■ Problem requirements
Return an exact copy of the data, starting at its first line and ending at the line that contains "Comenzando por la", minus any pictures.

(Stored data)
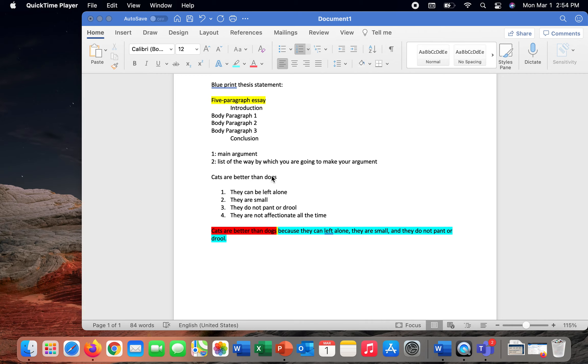I'll talk you through what I call the blueprint thesis statement. Now, a quick word about blueprint thesis statements, which are directly attached to what is called the five-paragraph essay.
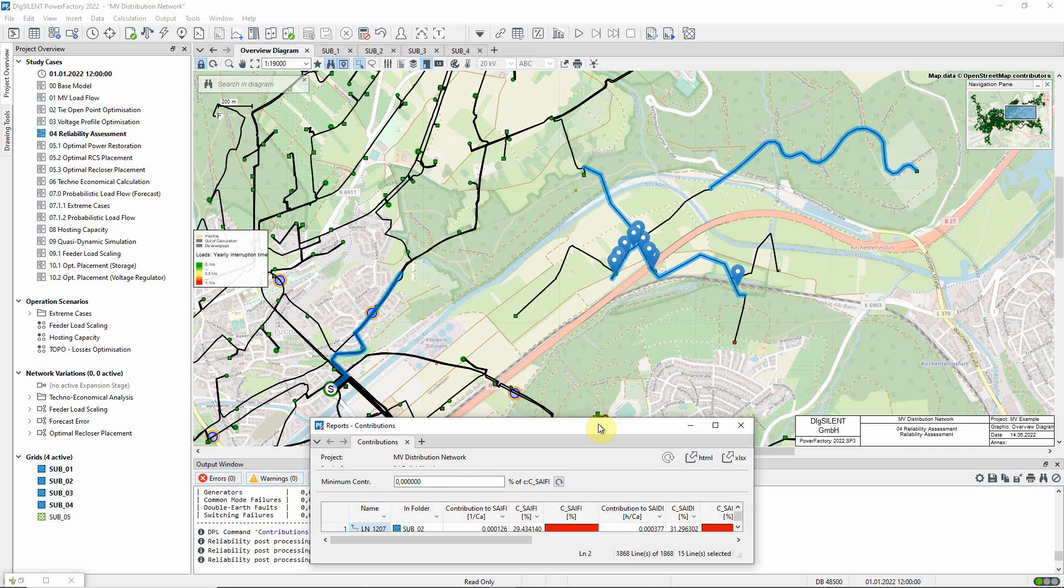In the next video, we look at the optimal power restoration function in more detail, and see how the trace feature can be used to see the sequences of power restoration events graphically.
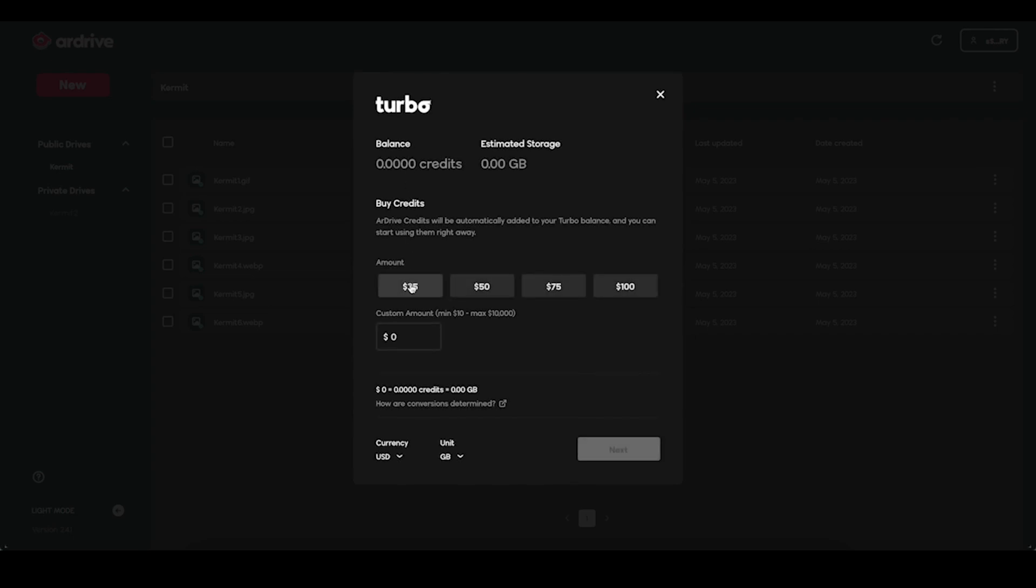That'll pay for 3.3 credits, which is good for storing more than 3GB on R-Drive. Remember, this is a one-time payment. R-Drive is pay-as-you-need storage with no subscriptions or monthly fees.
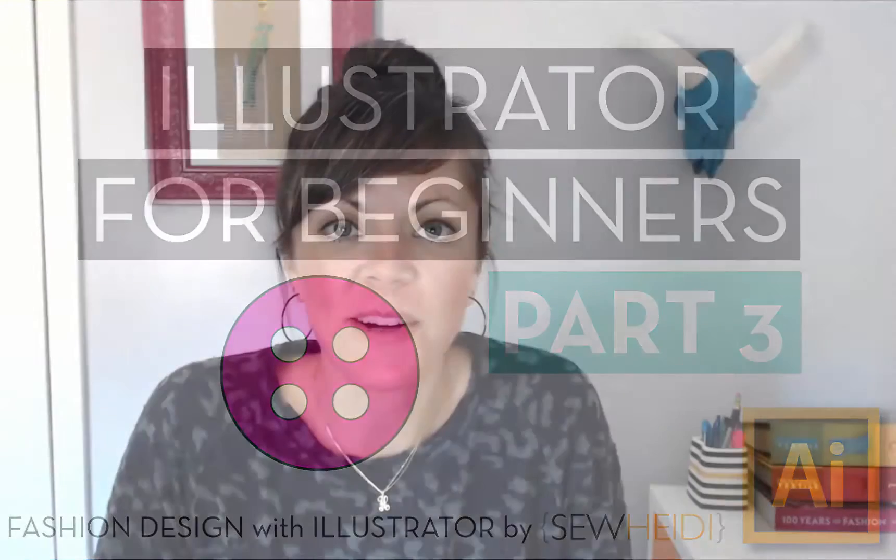Hey guys, I'm Sew Heidi, so happy to have you here. Thank you for watching. I really appreciate your continued support. This is video three of my Getting Started in Illustrator series. If you haven't caught up on videos one and two, that would be a great place to start because we're going to pick up right where we left off. All right, let's dive right in.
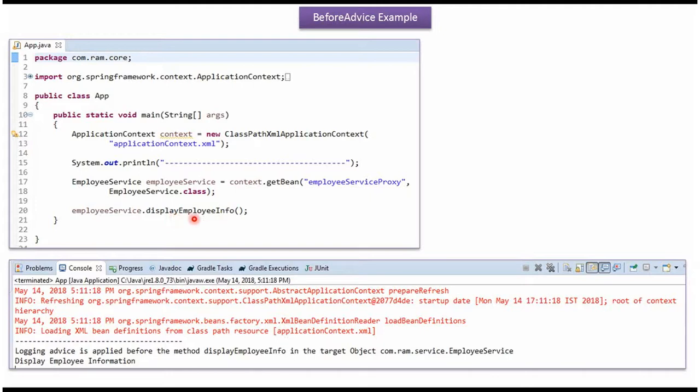Before calling DisplayEmployeeInfo method, LoggingAdviceBefore method has been called.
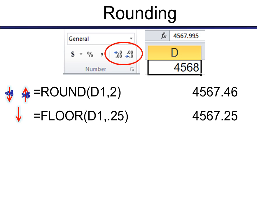Well, we do have a function called floor. And floor always rounds down. In this case, because it has two arguments, the first one is the location. And the second one says round it to what? And in this case, to the nearest quarter. So it's always going to round it down to the nearest quarter.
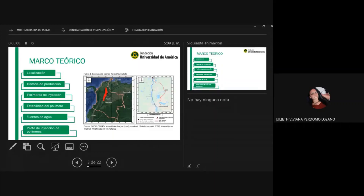Comenzando por la localización del campo, este campo se encuentra localizado en el flanco noroccidental de la cuenca Valle Medio del Magdalena, entre los límites del departamento de Santander y Bolívar, con un área de 3.000 acres, con 6 kilómetros de largo y 2 kilómetros de ancho. Lo delimita también la falla Caño-Patico, al sureste la falla Cantagallo y al sur la falla Derrumbo de Ibagué. Está ubicado a 290 kilómetros al noreste de Bogotá y 20 kilómetros al noreste de Barrancabermeja.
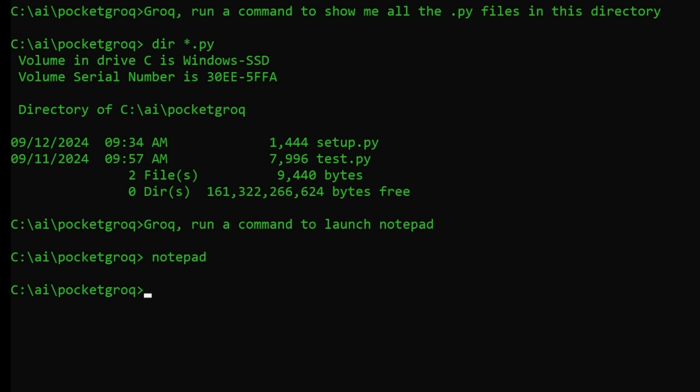Admittedly, Notepad is a bad example. I could have just typed Notepad, but I wanted to use it to demonstrate our shorthand for the phrase, Run a command.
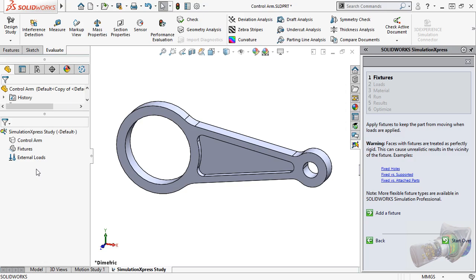Another inherent aspect of fixed geometry fixtures is that, when using them, you are telling Simulation Express how the face will, or more specifically, won't, deform. In most cases, you don't know, and can't know, how it will deform until you've tested it.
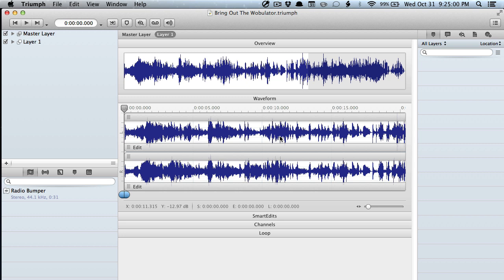Hey everyone, this is Travis from Audio File Engineering. In this screencast, I'm going to show you how to add effects and meters to your projects.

■ Reply to the exercise
I'll talk you through what I call the blueprint thesis statement. Now, a quick word about blueprint thesis statements, which are directly attached to what is called the five-paragraph essay.
In the next video, we look at the optimal power restoration function in more detail, and see how the trace feature can be used to see the sequences of power restoration events graphically.
That'll pay for 3.3 credits, which is good for storing more than 3GB on R-Drive. Remember, this is a one-time payment. R-Drive is pay-as-you-need storage with no subscriptions or monthly fees.
Hey guys, I'm Sew Heidi, so happy to have you here. Thank you for watching. I really appreciate your continued support. This is video three of my Getting Started in Illustrator series. If you haven't caught up on videos one and two, that would be a great place to start because we're going to pick up right where we left off. All right, let's dive right in.
Before calling DisplayEmployeeInfo method, LoggingAdviceBefore method has been called.
Well, we do have a function called floor. And floor always rounds down. In this case, because it has two arguments, the first one is the location. And the second one says round it to what? And in this case, to the nearest quarter. So it's always going to round it down to the nearest quarter.
Comenzando por la localización del campo, este campo se encuentra localizado en el flanco noroccidental de la cuenca Valle Medio del Magdalena, entre los límites del departamento de Santander y Bolívar, con un área de 3.000 acres, con 6 kilómetros de largo y 2 kilómetros de ancho. Lo delimita también la falla Caño-Patico, al sureste la falla Cantagallo y al sur la falla Derrumbo de Ibagué. Está ubicado a 290 kilómetros al noreste de Bogotá y 20 kilómetros al noreste de Barrancabermeja.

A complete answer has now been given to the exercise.